By Basil Katz
NEW YORK (Reuters) - A man convicted over a plot to blow up Los Angeles airport who later cooperated with the government was sent back to prison on Friday for trying to purchase an AK-47 rifle and lying to authorities in violation of his probation.
Abdelghani Meskini, 42, an Algerian, pleaded guilty in 2001 to participating in the al Qaeda-sponsored "Millennium plot" to blow up Los Angeles International Airport.
In exchange for testifying against his co-defendants, he was given a more lenient sentence and freed in 2005.
In a ruling unsealed ahead of Friday's sentencing of Meskini -- to 31 additional months in jail -- U.S. District Judge John Keenan said the government was partly to blame for Meskini's drift back into trouble.
After he was freed, Meskini held a job at an Atlanta, Georgia, housing complex Keenan called a "hotbed of criminal activity," adding that U.S. law enforcement officials never suggested he not work there.
"Incredibly," the judge said, probation officers approved Meskini's job at the properties "where narcotics sales and prostitution occurred openly and persistently."
At the housing complex Meskini would collect rent and conduct maintenance. He was arrested by immigration authorities in November and transferred to Bureau of Prisons custody four months later.
Meskini's attorney, Mark deMarco, argued his client should be sentenced to time served and said the U.S. government was partly to blame for "depositing him in this hotbed ... putting him in a situation where the influences around him perhaps led him to his conduct, which is no excuse."
At an earlier hearing, prostitute and admitted crack cocaine user Crystal Roughton testified Meskini had asked her to help him purchase an AK-47 rifle.

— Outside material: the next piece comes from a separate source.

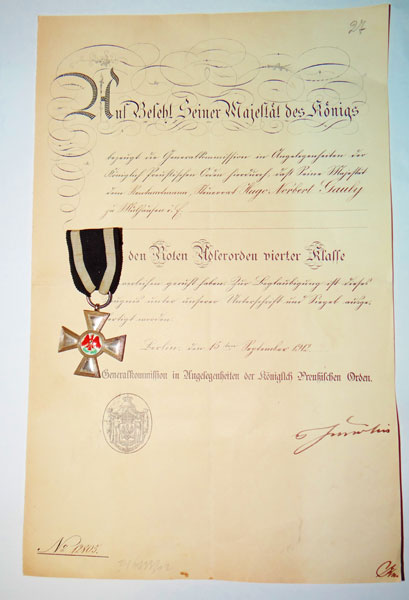 Prussian Order of the Red Eagle Fourth Class with Document Prussian Order of the Red Eagle Fourth Class with Document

She said Meskini helped her place escort service ads online and lent her money. She also testified she had seen Meskini in possession of a handgun, a probation violation.
Assistant U.S. Attorney Michael Rosensaft argued at another hearing that Meskini "had no interest in living a law-abiding life" and was becoming increasingly radicalized.
But deMarco said his client was "thrust into a hornet's nest" and "association with criminals was part of his job."